房顶上的时光

青岛晚报 2022年05月28日

2022.05.28 星期六

     

     

    

  远离故乡的日子,老宅时常从熟悉的梦境里浮现,房顶高耸殿堂般神圣,在沉寂中发出温润的光芒……

  小时候家住农村,一座座低矮的土屋鳞次栉比掩映在黛色的峰峦幽谷中,蝉翼般的薄雾若隐若现漂浮在一片片青瓦之上,恰如一幅灵动的水墨画。走在弯弯曲曲的街巷上,脚下的碎石缝里,长满了一簇簇绿苔;斑驳的泥墙上,缠绕着密密匝匝的爬山虎;参天的老树七股八杈宛若一只巨大的手,似要拥抱苍穹,揽月九天,在庄严悠远的天籁声中,低语着斗转星移的历史。

  记忆中,我经常模仿父亲叉腰站在田边远眺原野的样子。不同的是,我是爬到老宅的房顶上这样站着。那时,我家这几间坐落于半山腰的房屋是村庄的“制高点”,站在上面整个村庄尽收眼底,能清晰地听到左邻右舍鸡、狗、牛、羊、猪、驴的叫声和男人粗犷的呵斥及女人一惊一咋的拉呱儿声。视线越过一座座屋脊,可以看见清晨冉冉升起的朝阳和黄昏浑圆丰满的落日。目光再往前推,还可以遥望连绵起伏的群山,一条被甩在山梁上的羊肠小道逶迤远去。所以,对于我来说,房顶上的世界是丰富与生动的,承载着我的种种奇思妙想。
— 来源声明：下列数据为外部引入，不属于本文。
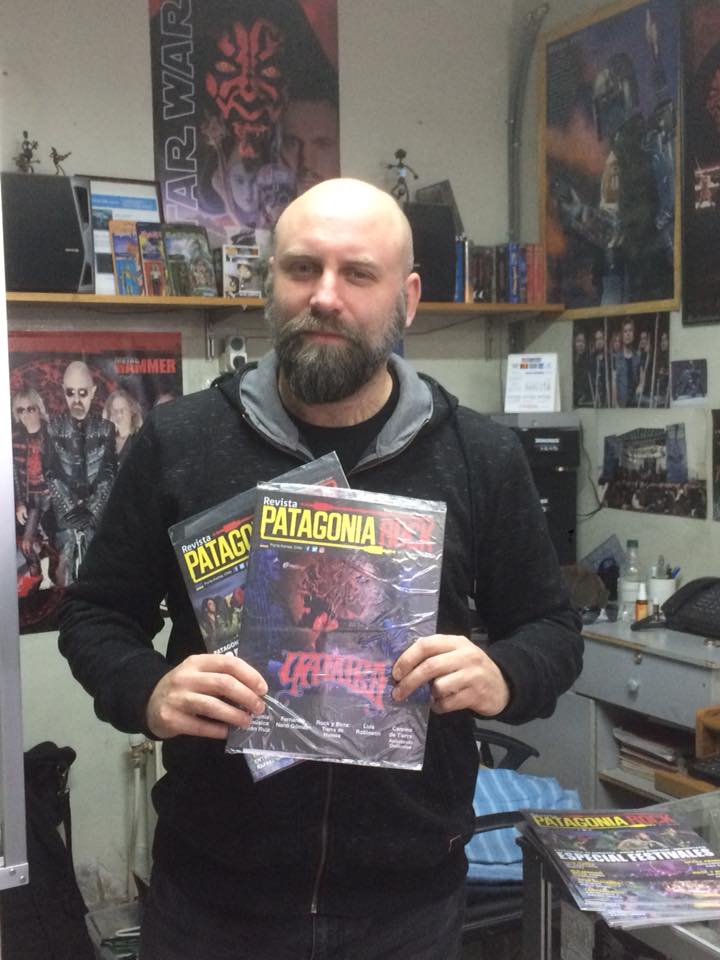R_PatagoniaRock's tweet photo. Ya se encuentra disponible una nueva edición impresa de #RevistaPatagoniaRock y de regalo,#MicroViaje,el primer EP de #LosKlasky. Adquiere la tuya en Disquería Madmusic, Botillería Rey Chupo y en La Medicina Tienda de Cultivo, todas en #PuntaArenas. ¡Apúrate,son pocos ejemplares! https://t.co/piQHZDwtN2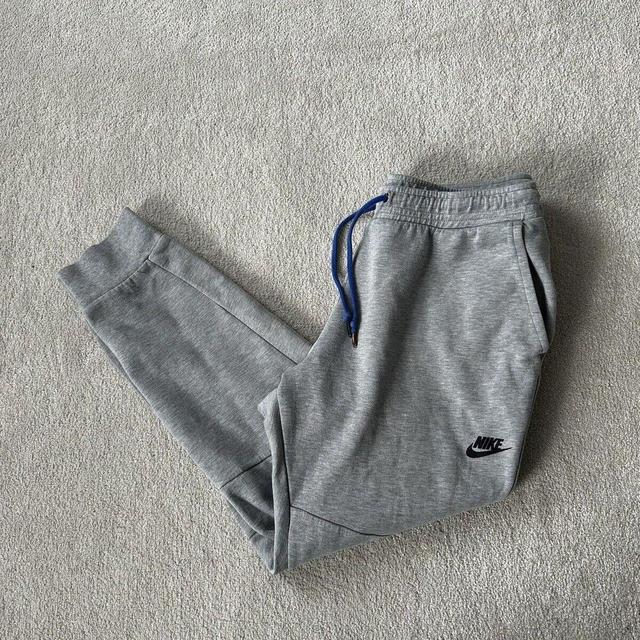 Nike Men's Trousers - Grey - L on Productcaster.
  无论哪个季节,房顶上都有独特的魅力。院子里的几棵香椿树,都紧挨着房顶,春天长出了新芽,我轻轻地揪一片下来,慢慢地嚼出春天的香味。夏天的夜晚房顶是乘凉的好去处,小心翼翼地仰面躺下,晚风习习,深邃的夜空缀满繁星,常常让我陶醉于无尽的遐想之中。最盼望金秋时节,村庄里的人们习惯把收获回来的大豆、高粱、谷穗等农作物摊放在房顶晾晒。于是,一到秋季家家户户的房顶高低错落、别具一格的“晒秋”,就构成了一道色彩缤纷、浓郁古朴的乡村风景。那时候,我特别喜欢帮母亲到房顶晾晒东西,只要她吩咐一声,话音未落,我早已“噌噌”爬上了房顶。每次母亲都笑着责怪我说:“你这皮猴子,慢点,摔下来怎么办? ”其实,我心里明白,帮母亲干活,可以名正言顺地爬房顶,要不然我平时偷偷爬上去,难免被大人发现挨上一顿数落。母亲晾晒的东西可谓五花八门,晒一晒白菜,她说整个冬天都不会烂菜心;晒一晒红辣椒,她说风干后用手一搓就成了色泽红亮的辣椒面;晒一晒黄瓜,她说蒸发一下水分用卤水一腌脆爽可口。当然,我最爱吃母亲晒制的红薯干,我们当地称作“地瓜枣”,就是先把红薯煮熟,切成长条状,置于房顶上晾晒,不几日就变成了色泽金黄,软糯香甜,嚼起来特别筋道。至今想来,红薯干依然是我最回味无穷的美食。而到了冬天,虽然房顶常被积雪覆盖不敢攀爬,但是屋檐下面挂着的一排排剔透的冰锥,用木棍敲下来咔嚓咔嚓吃,照样如现在的孩子吃冰淇淋一样兴奋。

  不知为何,房顶对于儿时的我是如此的着迷,每次站在上面,总有很多复杂的情绪。有时,有“独上高楼,望断天涯路”的感慨与伤感,觉得苍茫天地,人像微尘一样渺小。有时,我又有“会当凌绝顶,一览众山小”的豪迈和激情,幻想有朝一日飞向远方。久而久之,高高的房顶,让我看到了一个更开阔的世界,并伴随着老宅上空布谷的鸣叫将乡音传得很远很远,还有父母的一声声叮咛。

  多年以后,我真的飞出了乡村,却猛然发觉,在霓虹绚烂的都市,我依然眷恋着故乡的房顶,无限怀念着那些年少的往事与时光。

  悠悠天宇旷,切切故乡情。老宅的房顶,你是生长在我情弦深处,瞭望故乡的高台!